You never know what will get the group's boxers and BVDs in a bundle. Topics range pretty far and wide, like always, down at Hack's BBQ Shack, in our usual booth.
There was the usual chit-chat first -- checking the temp on club members' relationships, jabbering a drizzle of baseball, tallying injuries from any DIY jobs, and finding out where everyone else's job search was pegged for the week on the Barf-O-Meter.
We talked shop -- blogging for free, from home. We don't talk about the crank-it-up, on-demand, enforced gold mine of the Olympic games, thank goodness. No-one's much interested in corporate somersaults, or in teevee.
Half of our members are likely using their sets as boat anchors, paperweights, or goldfish bowl display cases. The other half probably doesn't yet know that there's been a transition to digital, and that their old analog sets will now only get static from Mars.
I chewed on an old, favorite bone, the all-but-cancelled space program, and its catastrophic loss to the nation and to knowledge. "We now have no way into space. Our astronauts have to hitch-hike up with the Russians, at 60 million bucks a seat!"

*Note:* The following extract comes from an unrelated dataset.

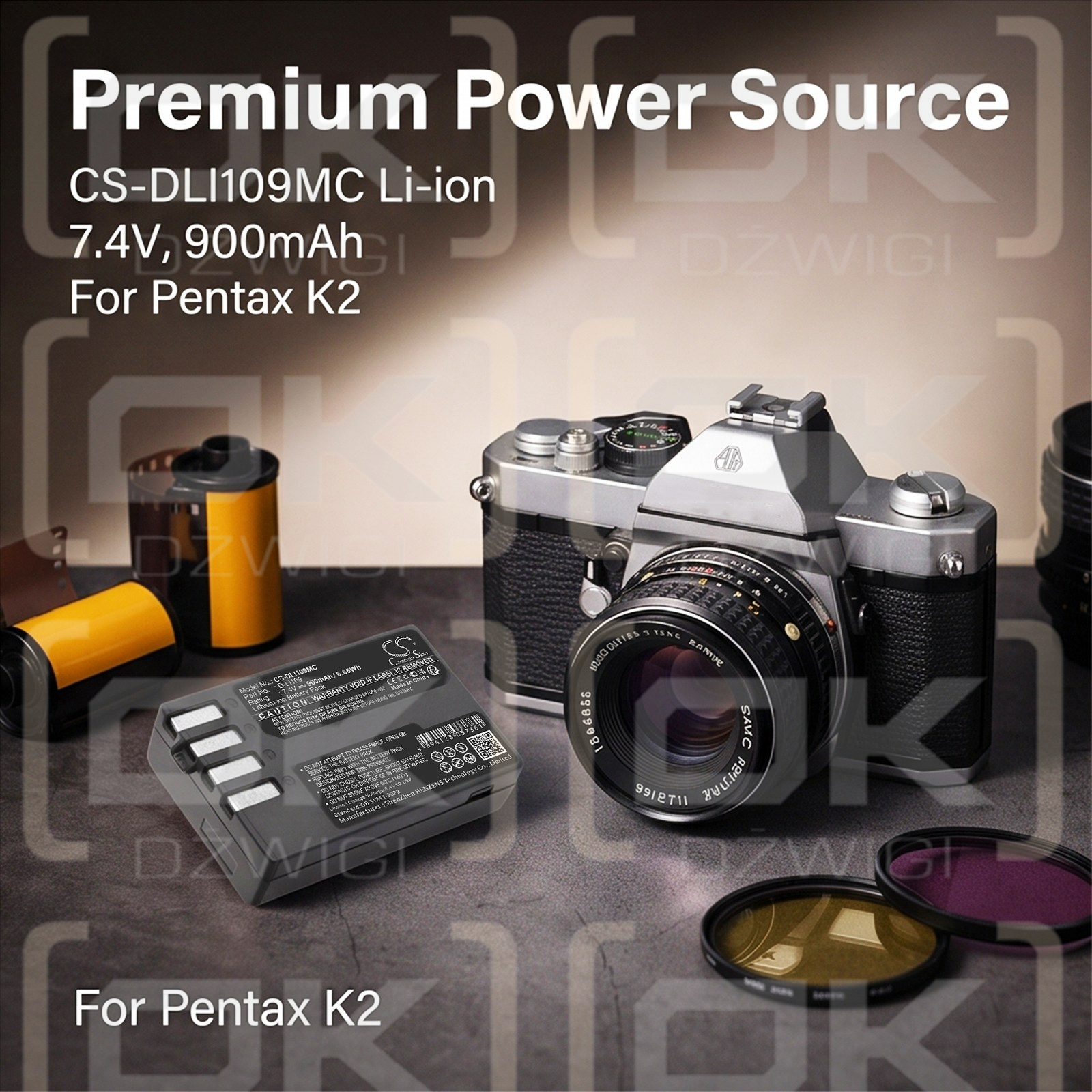 Ersatzakku für Pentax KS2 / D-LI109 900 mAh Li-Ion 7,4 V (Cameron Sino)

It was a shame, all right, everyone said. After all, how would poor ol' Willard Romney find his way to planet Kolob to see if his god was there yet, so Willard could be made one, too? Mittens was hustled off the conversational Lazy Susan at our table, for being a twit on 83 separate levels, then bundled off in his magic underpants, while we twisted our own undergear with current events.